- [RECORDS SUPPLIED]
++++++++
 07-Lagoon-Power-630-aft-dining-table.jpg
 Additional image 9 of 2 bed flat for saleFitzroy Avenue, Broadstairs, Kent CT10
++++++++
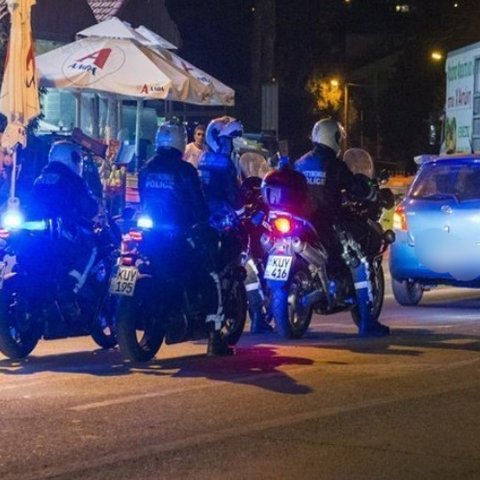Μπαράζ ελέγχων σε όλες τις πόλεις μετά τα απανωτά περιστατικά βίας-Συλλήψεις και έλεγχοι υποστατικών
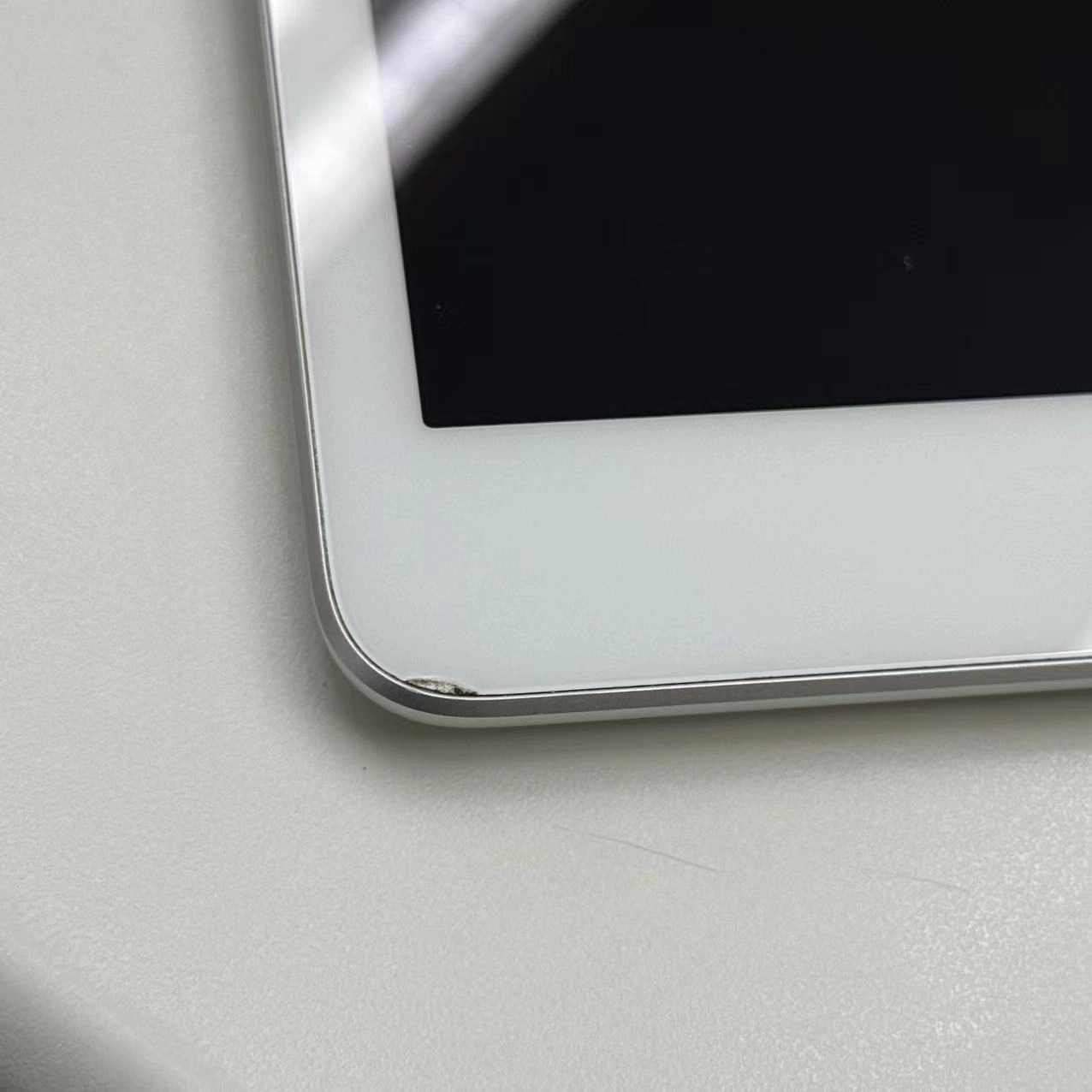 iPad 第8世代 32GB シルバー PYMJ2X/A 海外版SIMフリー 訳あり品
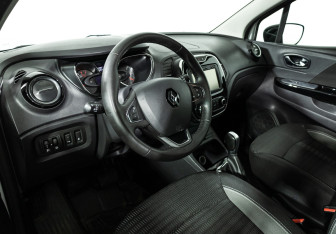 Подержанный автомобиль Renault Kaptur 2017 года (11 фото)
++++++++
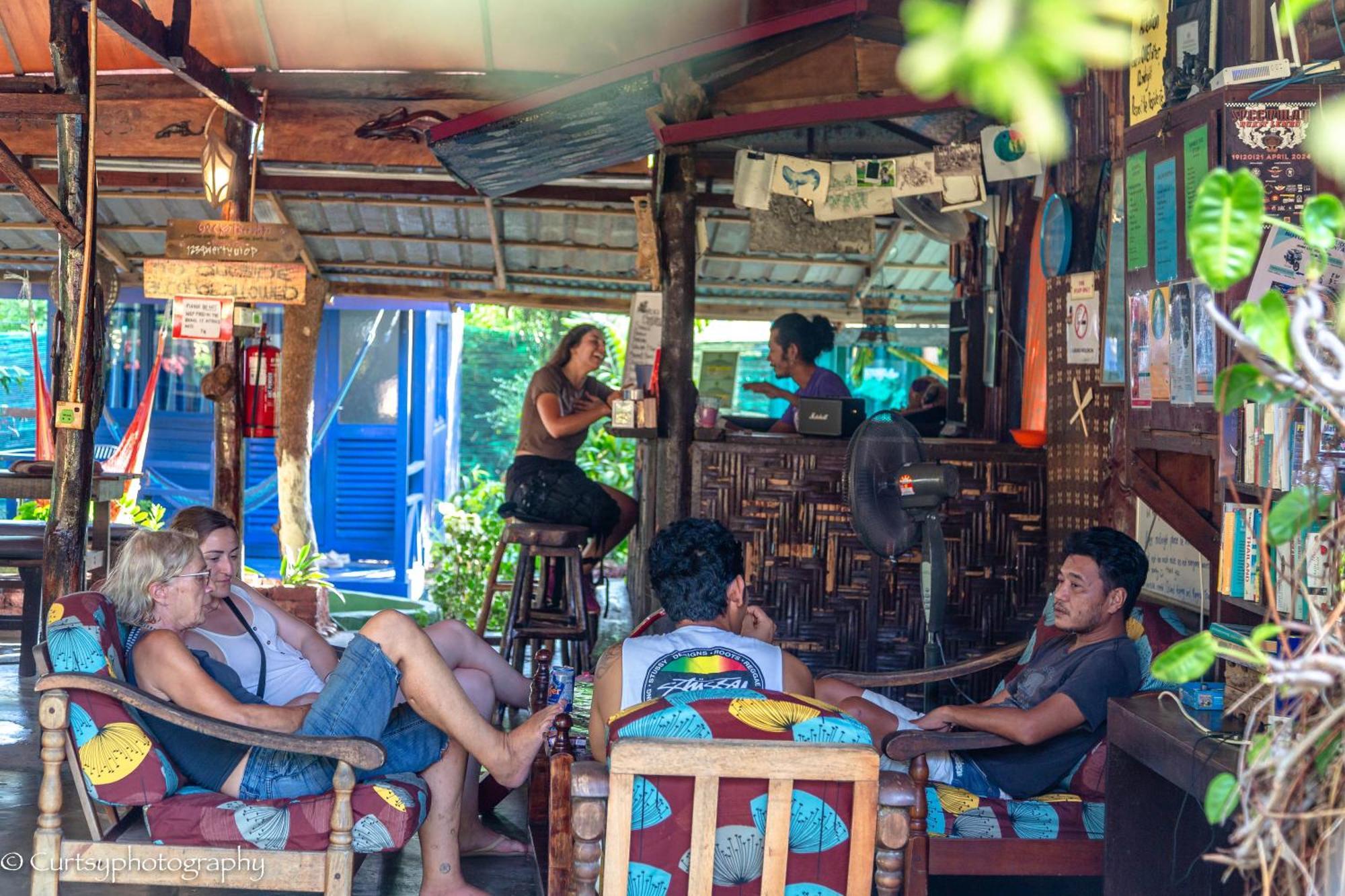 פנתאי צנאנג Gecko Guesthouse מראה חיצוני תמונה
++++++++
- [WHAT THIS TASK INVOLVES]
Go through the listing above and write out exactly the lines starting with the one holding "07-Lagoon-Power-630-aft-dining-table.jpg" and running through the one holding "Additional image 9", ends included, and no others.

- [WRITTEN REPLY]
 07-Lagoon-Power-630-aft-dining-table.jpg
 Additional image 9 of 2 bed flat for saleFitzroy Avenue, Broadstairs, Kent CT10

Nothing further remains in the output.